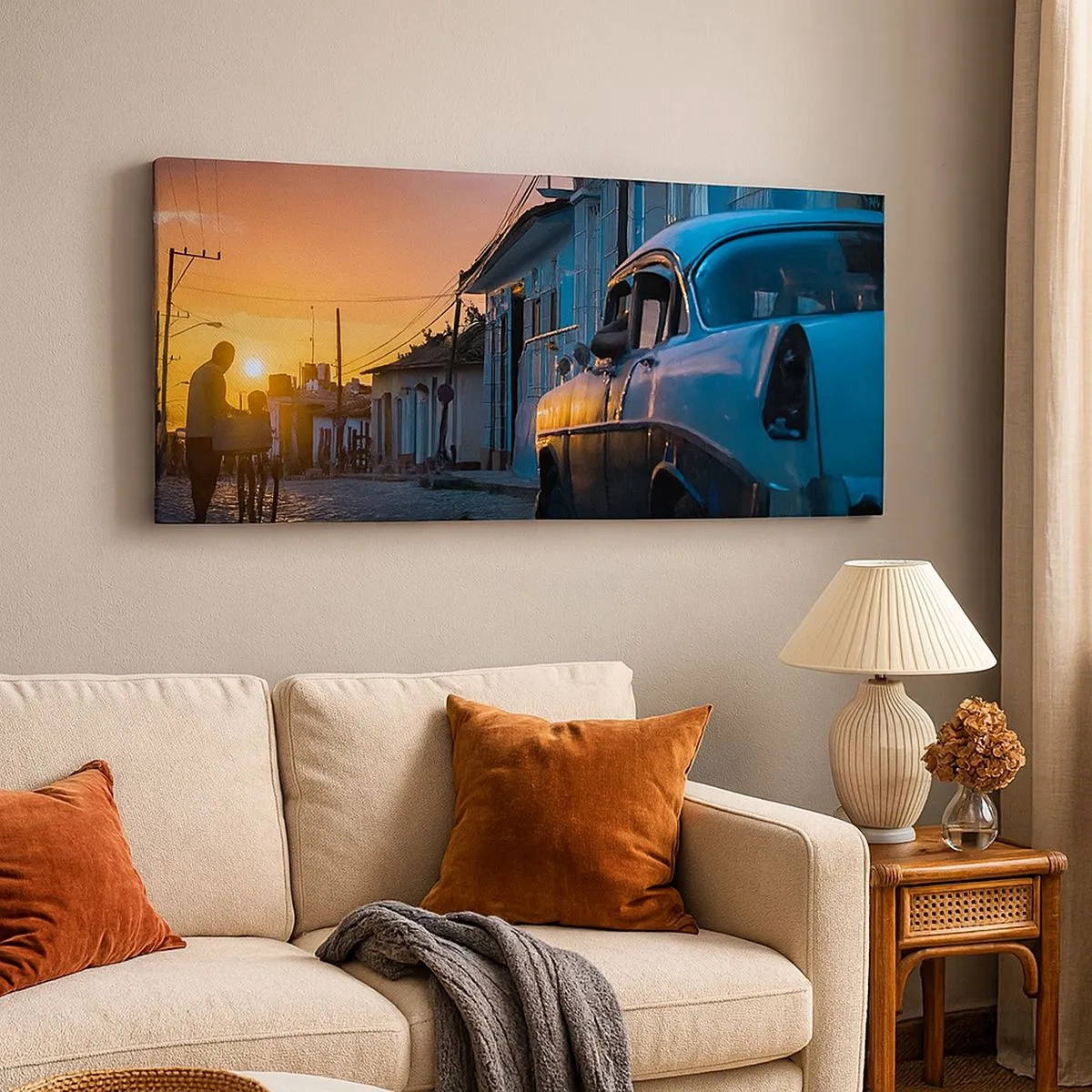 Quadro su tela - Stampe su Tela - Qui il tempo rallenta - 100x40 cm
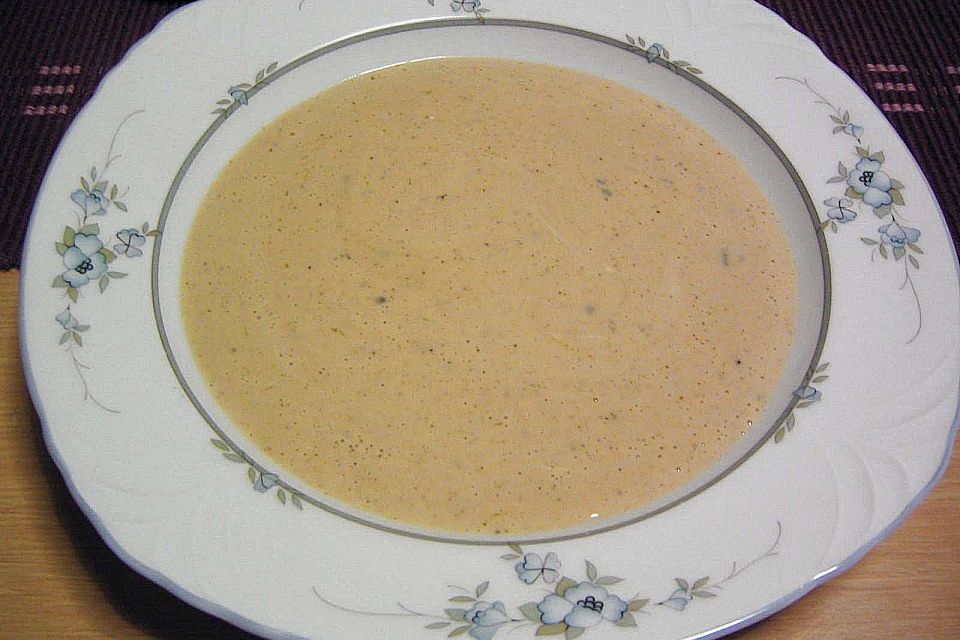 Getrüffelte Maronisamtsuppe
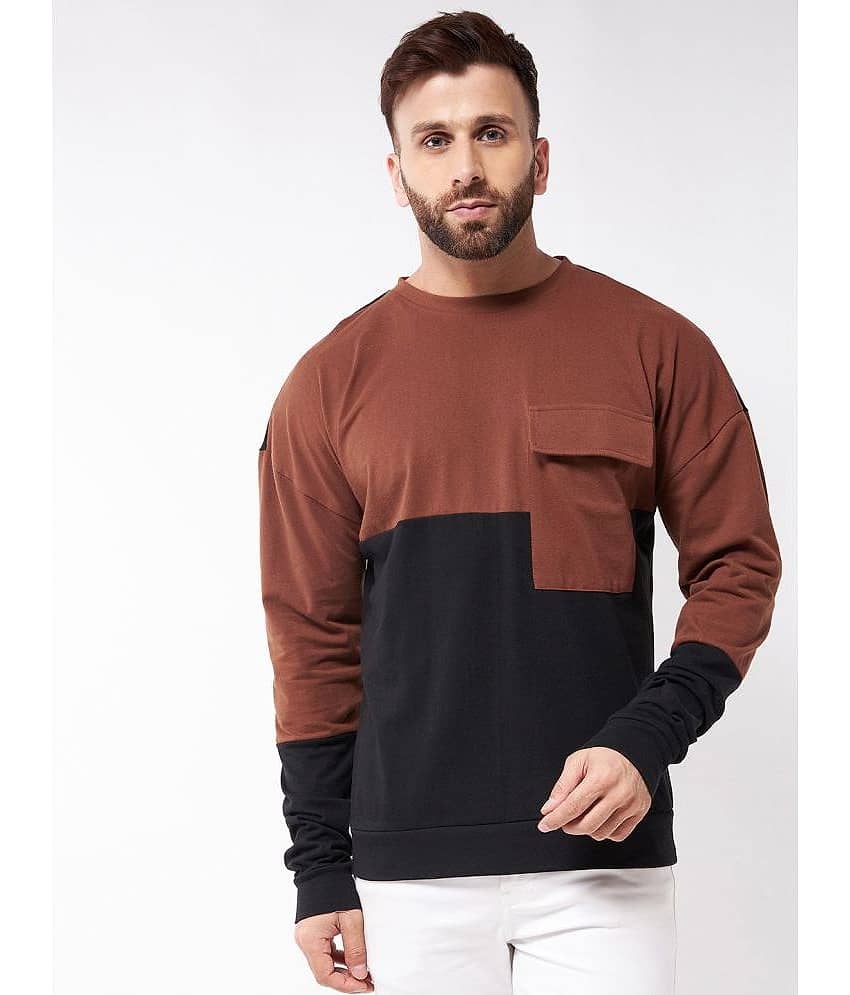 Gritstones Pack of 1 Cotton Blend Oversized Fit Men's T-Shirt ( Maroon )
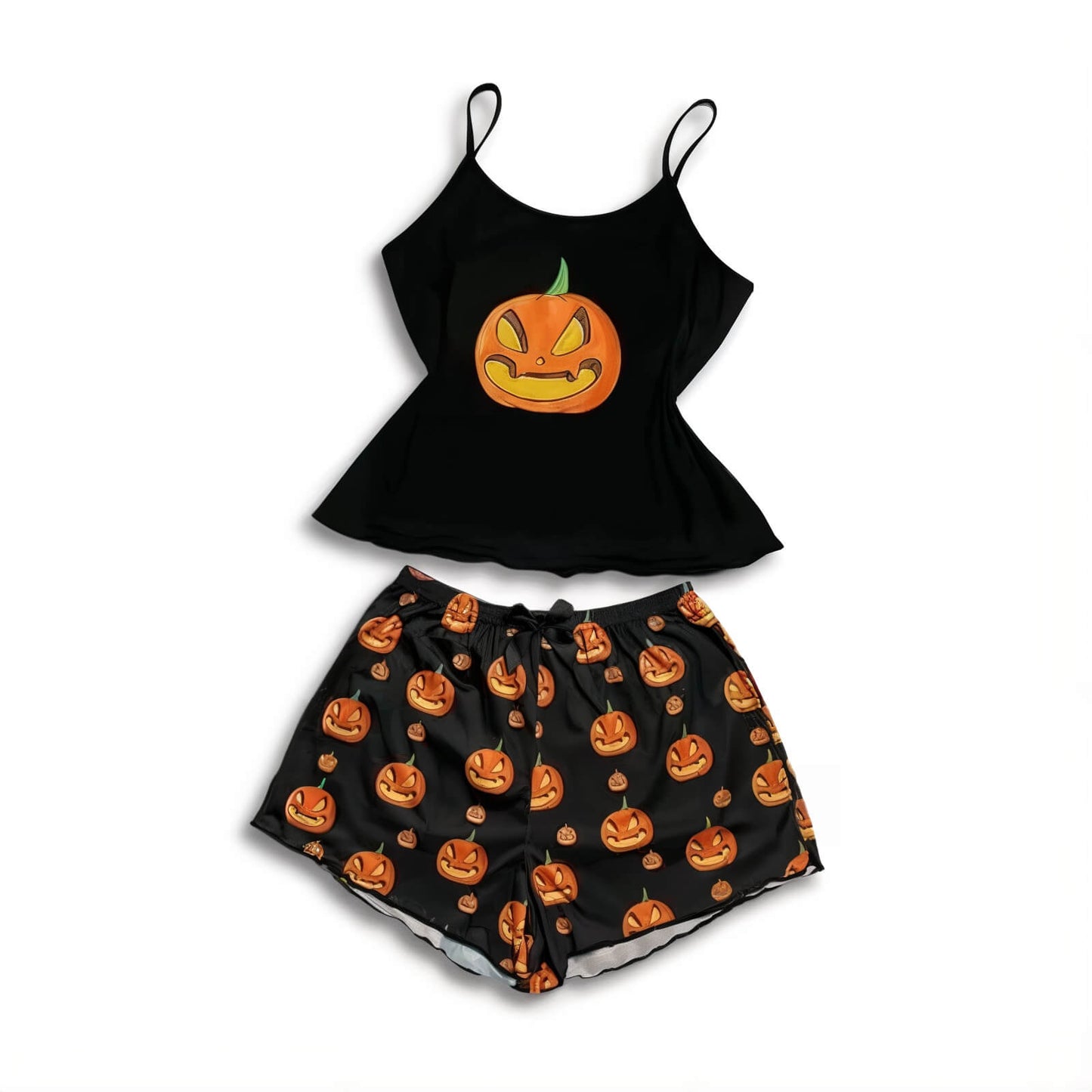 Halloween Pajamas With Tank Top - Jack Pumpkin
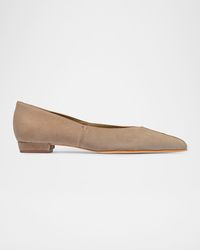 Bernardo - Lana Suede Ballet Flats - Lyst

* _EXERCISE_: Set the material above down again word for word. Include none of its pictures.

* _TASK OUTPUT_:
 Quadro su tela - Stampe su Tela - Qui il tempo rallenta - 100x40 cm
 Getrüffelte Maronisamtsuppe
 Gritstones Pack of 1 Cotton Blend Oversized Fit Men's T-Shirt ( Maroon )
 Halloween Pajamas With Tank Top - Jack Pumpkin
 Bernardo - Lana Suede Ballet Flats - Lyst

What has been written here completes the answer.